SUPPLIED INFORMATION
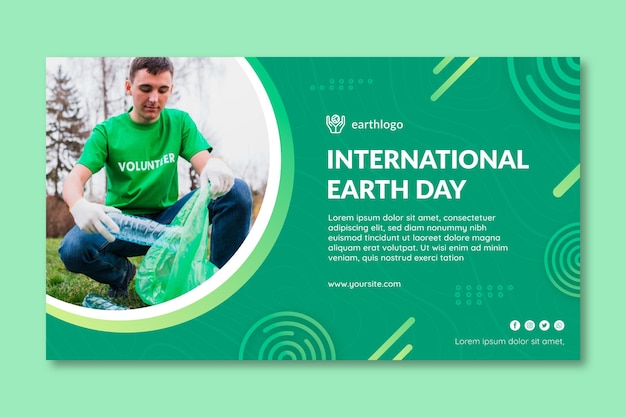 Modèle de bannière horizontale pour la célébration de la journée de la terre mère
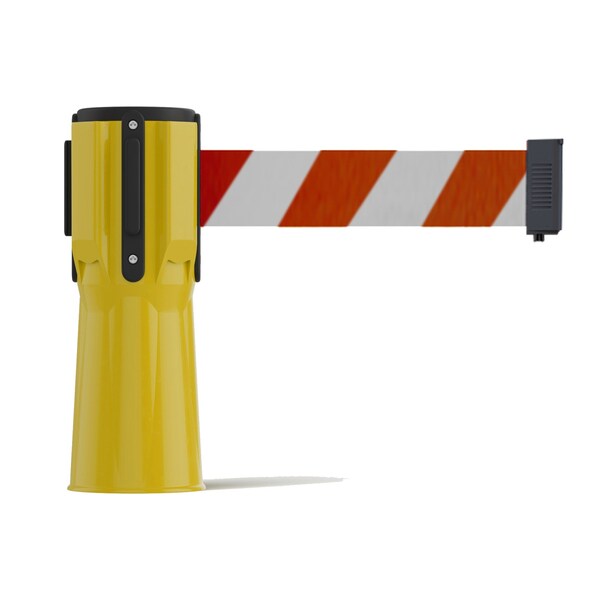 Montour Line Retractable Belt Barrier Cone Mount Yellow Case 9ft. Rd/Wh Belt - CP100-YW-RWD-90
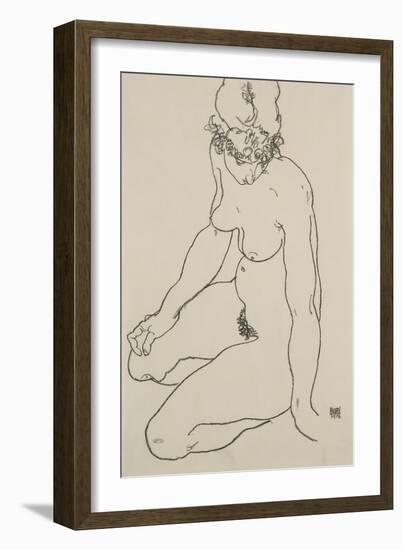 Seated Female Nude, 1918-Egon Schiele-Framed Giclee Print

==

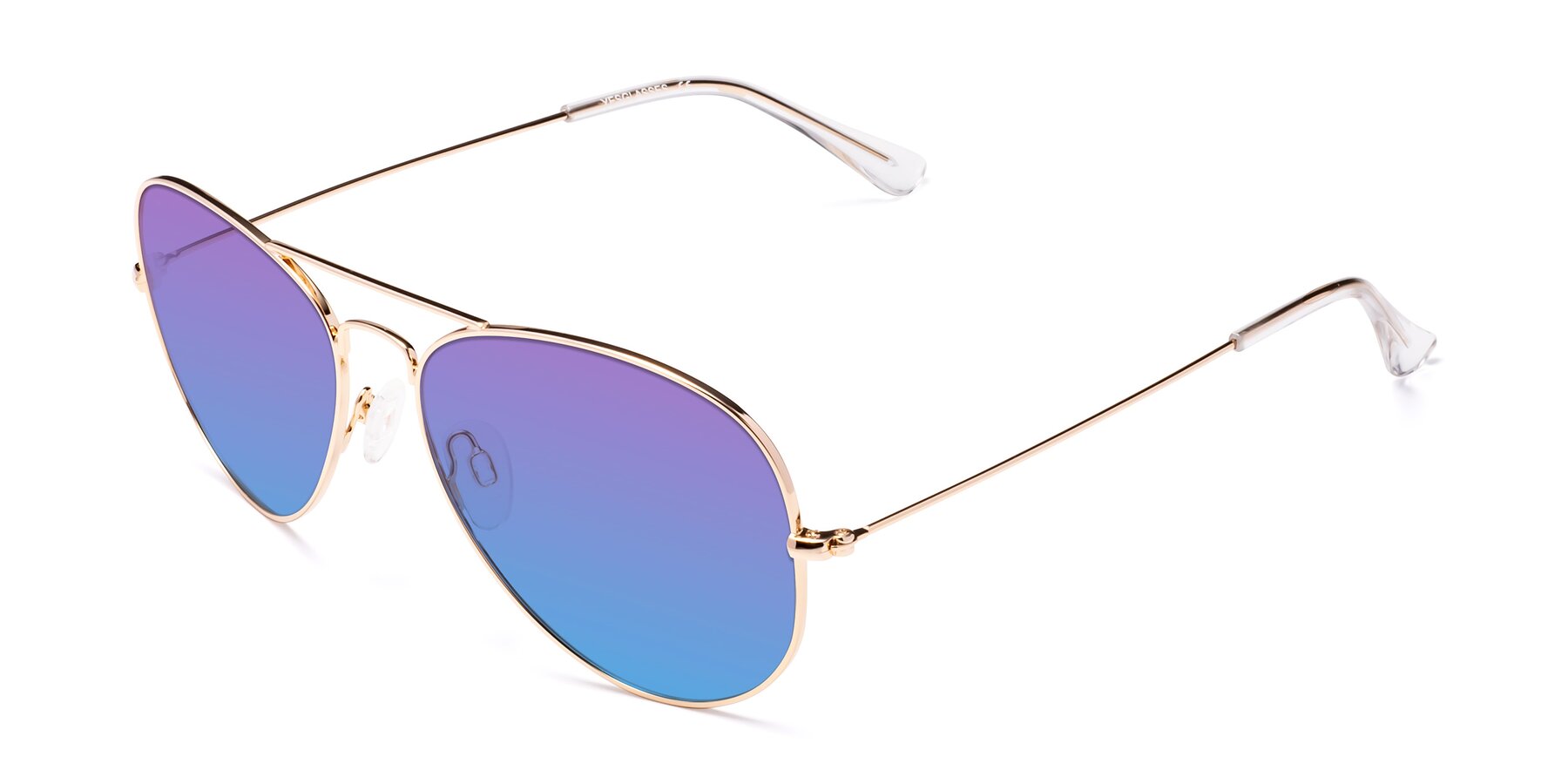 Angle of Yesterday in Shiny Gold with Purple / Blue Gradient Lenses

TASK GOAL
Reproduce the data above exactly, but only the lines from the one showing "Modèle de bannière" through the one showing "Seated Female Nude, 1918-Egon", with both ends kept and the pictures left out.

YOUR RESPONSE
 Modèle de bannière horizontale pour la célébration de la journée de la terre mère
 Montour Line Retractable Belt Barrier Cone Mount Yellow Case 9ft. Rd/Wh Belt - CP100-YW-RWD-90
 Seated Female Nude, 1918-Egon Schiele-Framed Giclee Print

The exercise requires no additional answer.